This happens in your example, and probably in many others, but you can’t assume that it would happen for all models. If all chains are started close to same point and all chains get stuck, Rhat diagnostic may indicate convergence although the typical set has not yet been explored. Rhat diagnostic is more reliable if chains are started overdispersed. It’s easy to come up with multi-modal examples where getting stuck is likely. There are many latent Markov and GP models, where the posterior might be unimodal but the exploration can still be very slow,
For the fastest convergence of MCMC, it would be best to initialize with draws from the posterior as it’s then converged already. But if we would be able to initialize from the posterior, we don’t need MCMC.
Rhat diagnostic is most reliable if the initial points have larger variance than the posterior. Overdispersed initial points can be in typical set, they are overdispersed if the variance estimate from them is larger than the posterior variance. It’s enough that the variance of initial points is just slightly larger like 10%. But the problem is that we rarely know the posterior variance beforehand, so reasonable choice often would to draw initial values from the prior as that is usually overdispersed compared to the posterior. Stan doesn’t know which part of target is prior and which part is likelihood, so you would need to make these draws yourself. Stan’s default random initialization draws randomly from a uniform interval in unconstrained space (remember it doesn’t know which part is prior to help automatically to do something better) and these would be on expectation overdispersed for distrbutions with mean close to zero and approaximately unit variance, which of course doesn’t hold for all models, and this initialization can also be far from prior or posterior.
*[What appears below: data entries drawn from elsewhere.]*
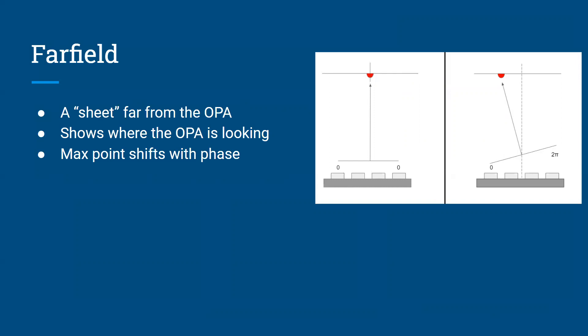In the image to the right, the first column of the phase array has a phase of zero and the last column has a phase of two pi. This effectively causes the light coming out of the far end of the phase array to shift upwards, resulting in an angling of the light coming out of the phase array. There are no actual mechanical components that angle anything — it's just the way the phase of the light works. If you have some phase change from the first column to the last column, it will cause an angle in the way the light exits, producing a linear shift in the far field, demonstrated by the movement of that red semicircle from the center to the side.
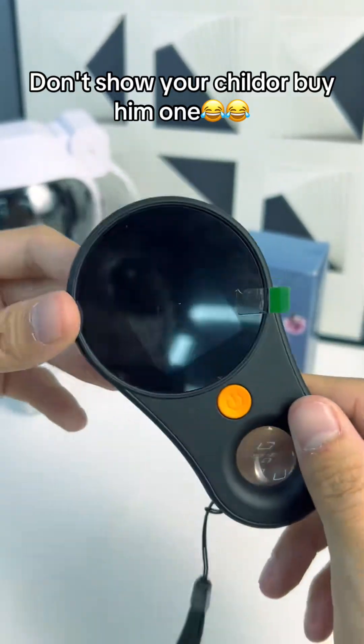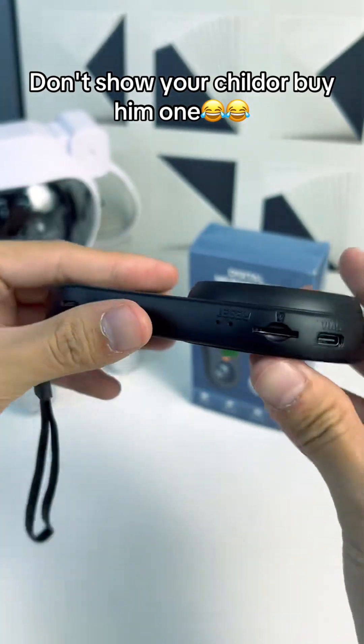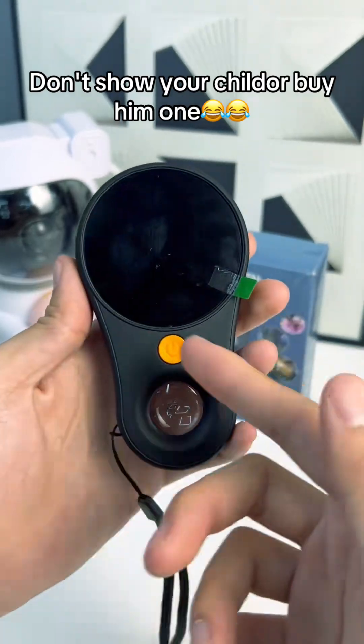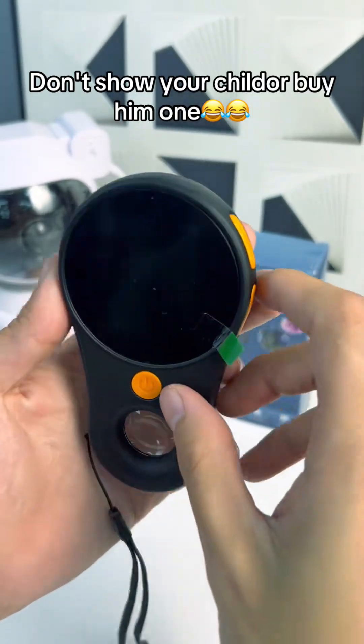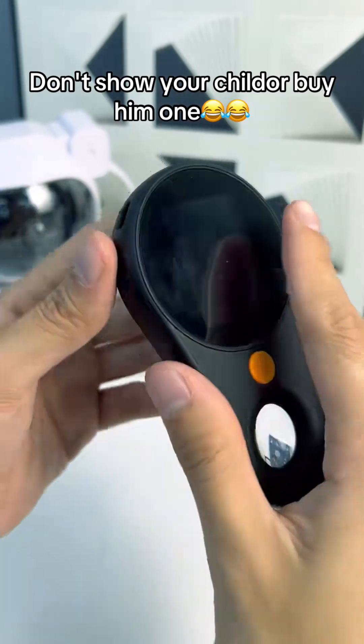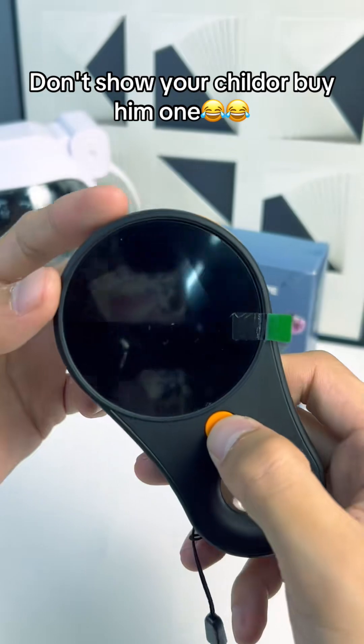I have been so excited about this. This is a digital handheld microscope and what a great gift for the holidays. A little scientist in the family or anything like that, any kid that likes looking at things up close — check this out.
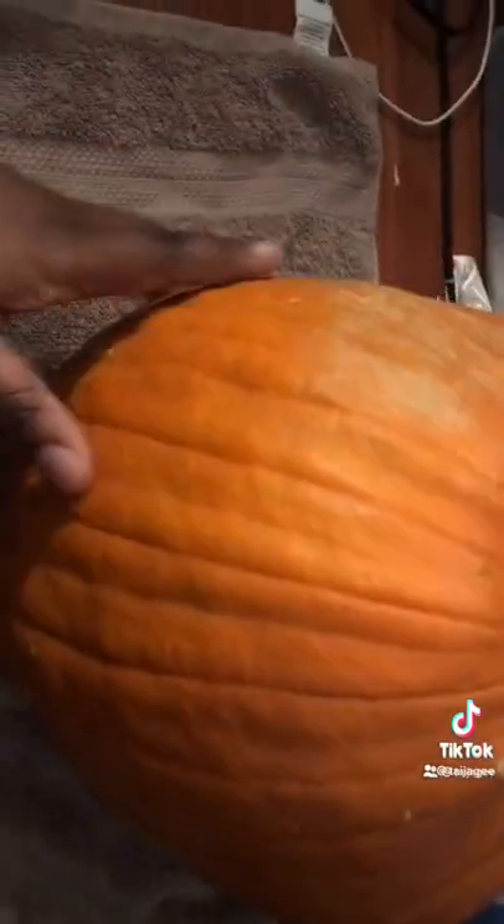In just a minute we're going to carve the pumpkin. We decided to name this pumpkin 'Pumpkin.' Okay, so we named it Pumpkin, and we're about to do the first step which is carving the bottom.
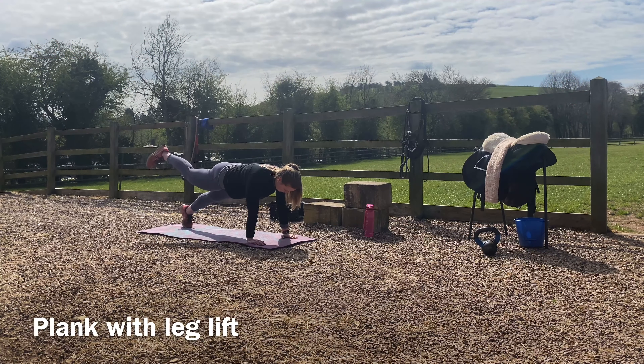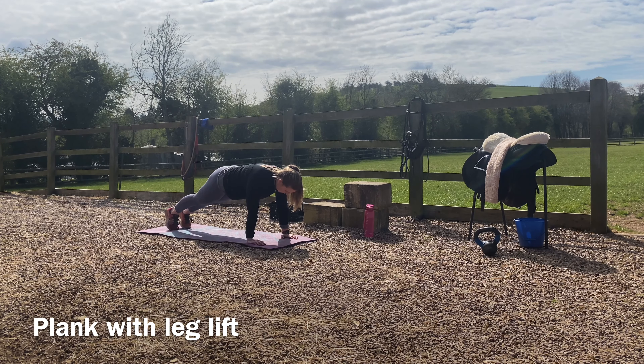We're going to come into a plank position on our hands, with our hands underneath our shoulder blades. We're going to go into a slightly domed position, and whilst holding the tension we're going to raise one leg off the floor and bring it back down, and raise the other leg.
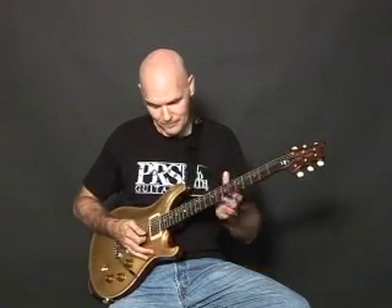This is the DGT model. It features the Phase II low-mass locking tuners, the DGT truss rod cover, the original standard neck which is a bit narrower but deeper profile, larger frets, and David Grissom pickups which are like the McCarty's but open and more clear sounding.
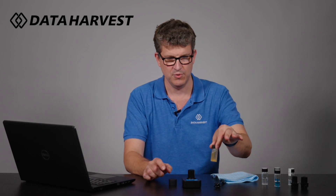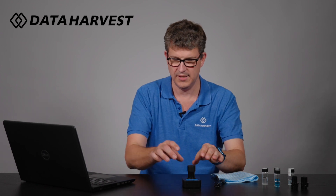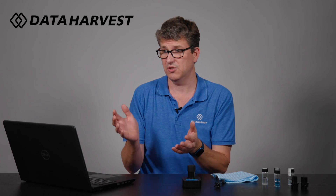And the last one — the apple cider vinegar. Agitate that a little bit, pop the lid on, and take a third reading. You can also type as you go along, so I could type 'pond water' here and you can see that appearing. And you can type 'copper sulphate'. You can see how easy it is to add comments, which students should do as they're doing the experiment.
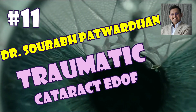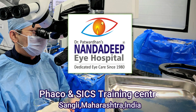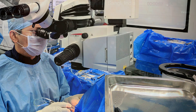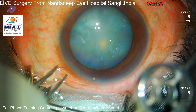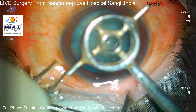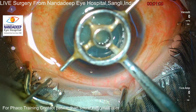Hello friends, this is Dr. Saurabh Patwardhan from Nandadi Pai Hospital and FECO training centers in India. In this commented video I will be speaking about a traumatic cataract. This is a case of a young gentleman around 45 to 50 years of age who has suffered trauma in this eye around 15 years back.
Further complication comes from thick tailed distributions which have infinite variance, so we need to define overdispersion in terms of quantiles etc.
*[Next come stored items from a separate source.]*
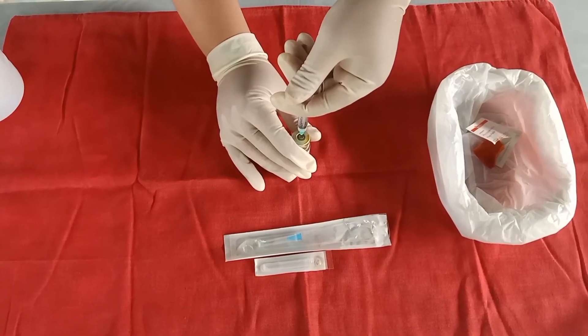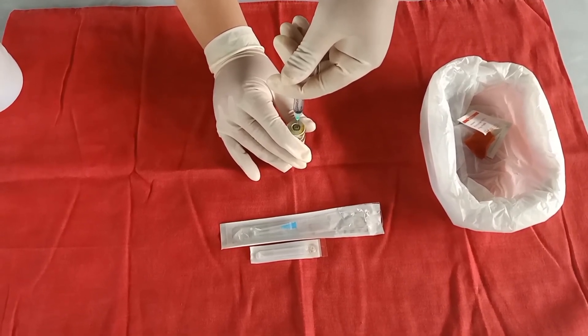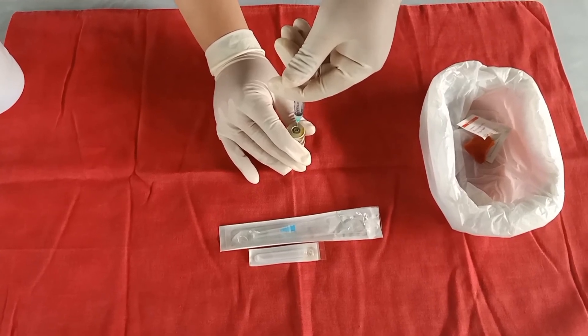Withdraw the prescribed amount of medication by inverting the vial. Ensure the needle tip is below the fluid level, and gradually withdraw the medication.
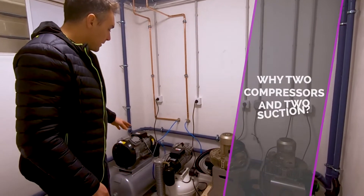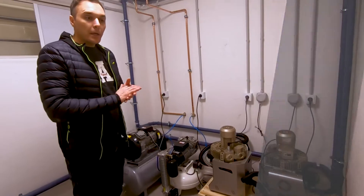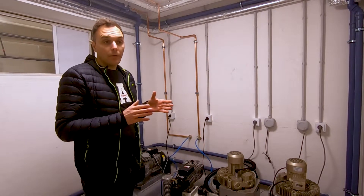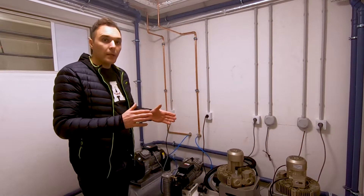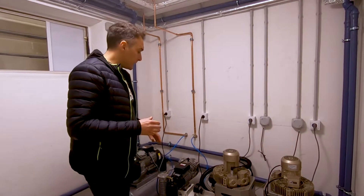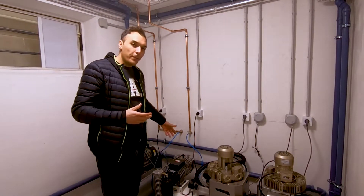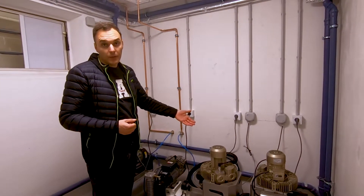We install two compressors and two suctions. In this clinic we have six dental units and we wanted to separate the system: two units work with one compressor and one suction, and the other four work with one compressor and one suction. We didn't place one big compressor and one big suction because in case we have a problem with one compressor we can use the other one and keep working, and the same for the suction system.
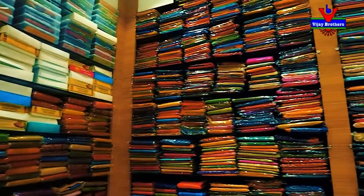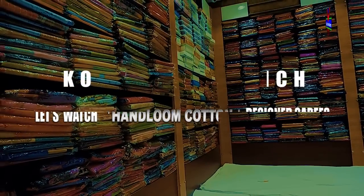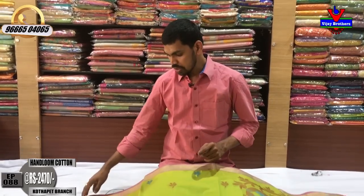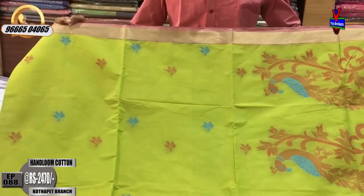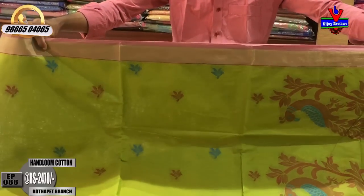We are looking for a variety of different sizes. We'll also look for different sizes from our green color and shapes, and we'll look for different sizes in the color. We're looking for green color.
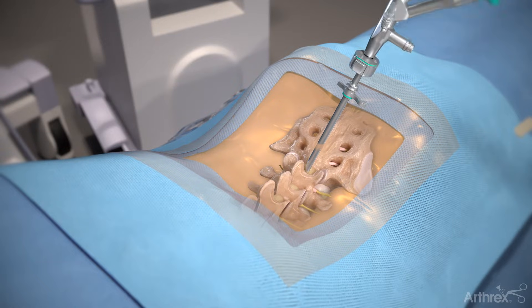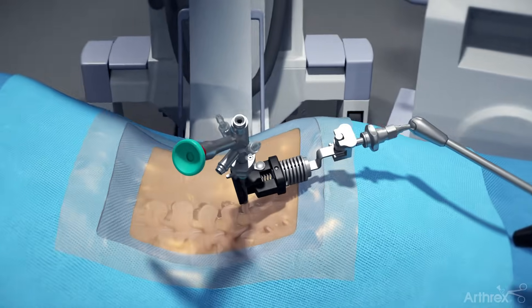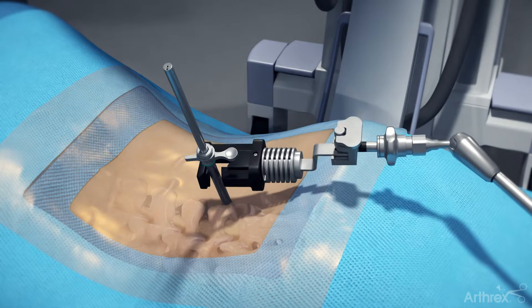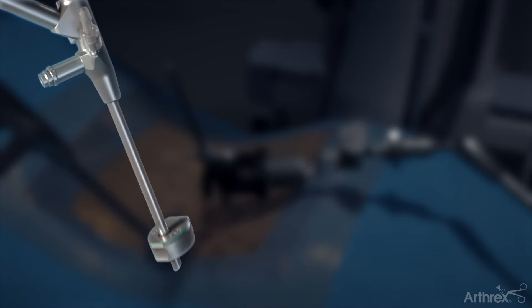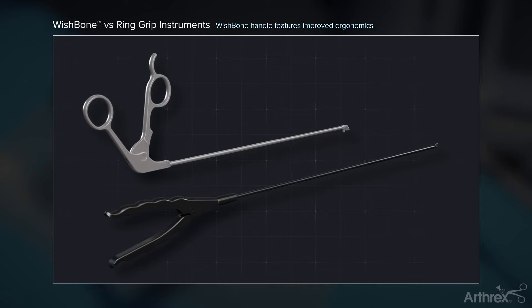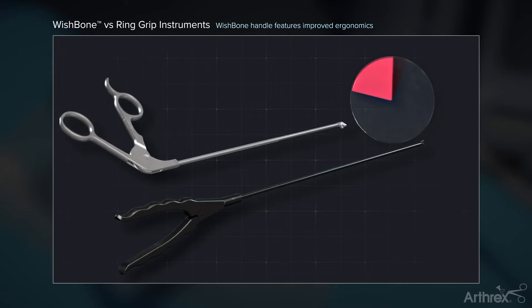Insert the endoscope into the cannula. The surgeon may choose to connect the cannula holder to aid in maintaining the trajectory. Connect the holder to the cannula prior to the switching stick being removed. A depth stop may be attached to the endoscope to maintain the depth within the cannula. Arthric offers a unique wishbone handle design that allows for improved ergonomics and mobility for the instrument by the surgeon.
If you choose your initial values well, you start in the typical set, but still have overdispersed initial points to get better reliability of Rhat. But at least try to get the initial values in the typical set of prior.
If you have a specific model and prior and you have tested that this works (see, e.g., https://arxiv.org/abs/1804.06788) and makes your sampling faster and you get repeatedly good results, then just use it (but in publication be prepared to tell that you have tested this for your specific model and prior). As we don’t for which models and priors the next person is going to use Stan, we have to keep recommending by default to use overdispered initial values which make the convergence diagnostic more reliable.